*Task to complete*: Using the listing below, please print exactly the lines from the one with "KIT INFANTIL AVENGERS" through the one with "Fashion Luxury Design". Leave out every picture.

*Material provided*:

========

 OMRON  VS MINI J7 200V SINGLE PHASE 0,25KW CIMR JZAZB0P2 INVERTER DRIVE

========

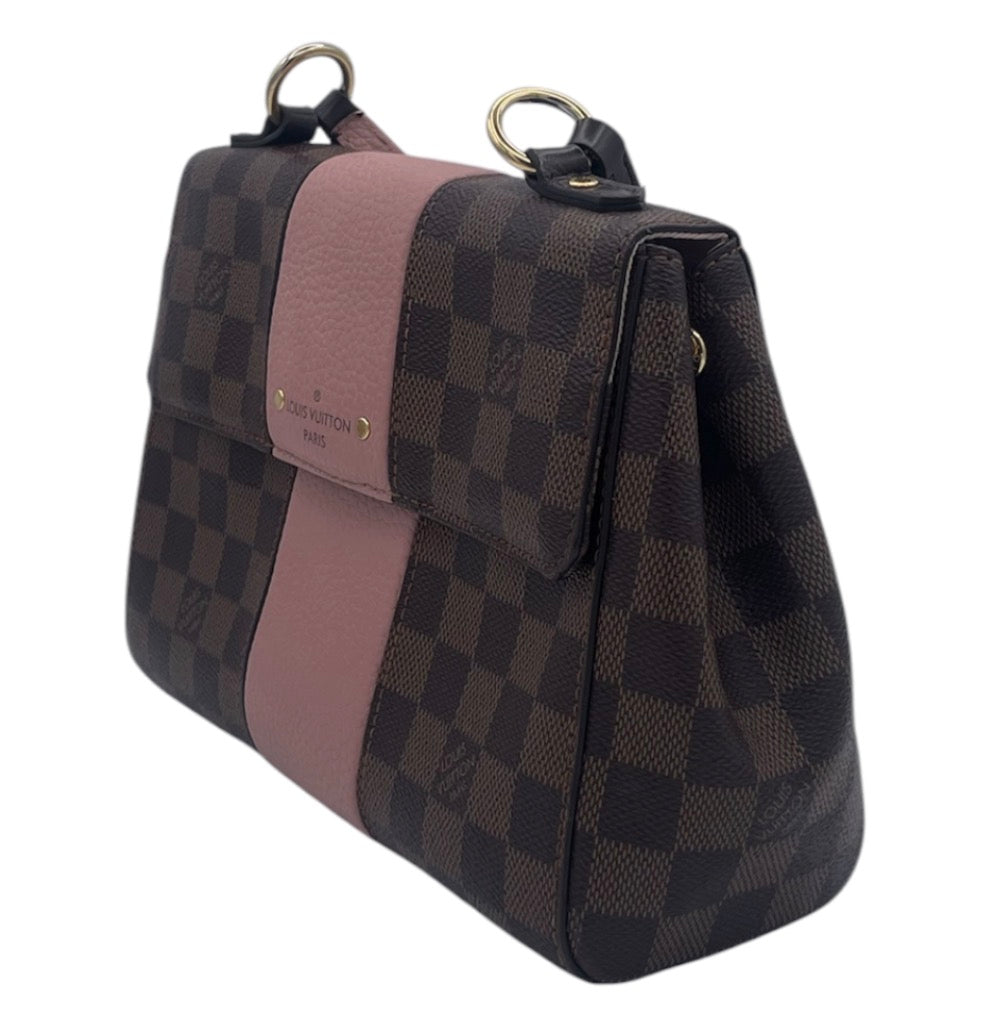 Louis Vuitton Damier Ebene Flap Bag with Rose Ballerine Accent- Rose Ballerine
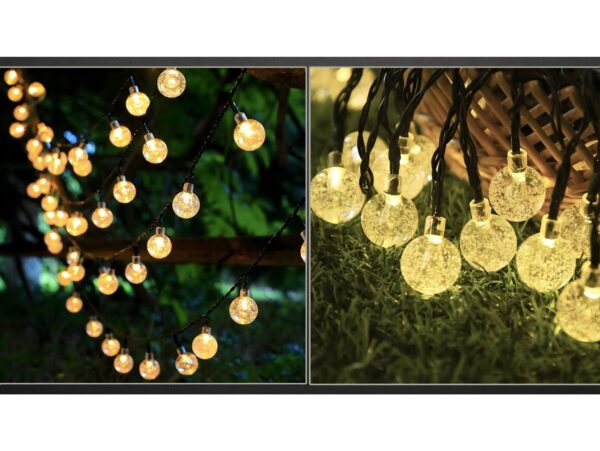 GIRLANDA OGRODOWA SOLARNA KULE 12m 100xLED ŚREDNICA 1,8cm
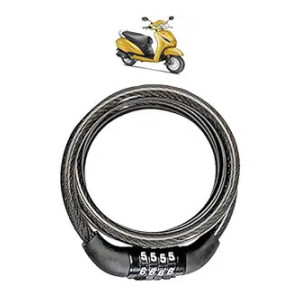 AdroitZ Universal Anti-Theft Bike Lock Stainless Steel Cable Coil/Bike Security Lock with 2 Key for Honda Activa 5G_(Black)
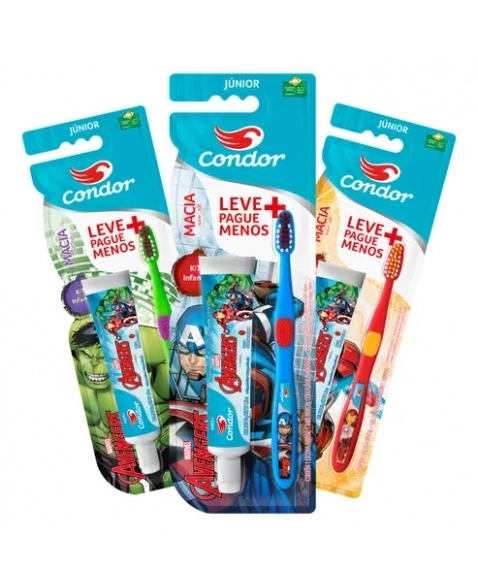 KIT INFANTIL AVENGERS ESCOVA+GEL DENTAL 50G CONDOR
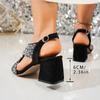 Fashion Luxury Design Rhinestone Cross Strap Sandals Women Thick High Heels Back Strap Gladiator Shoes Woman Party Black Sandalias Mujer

========

*Response for this exercise*:
 KIT INFANTIL AVENGERS ESCOVA+GEL DENTAL 50G CONDOR
 Fashion Luxury Design Rhinestone Cross Strap Sandals Women Thick High Heels Back Strap Gladiator Shoes Woman Party Black Sandalias Mujer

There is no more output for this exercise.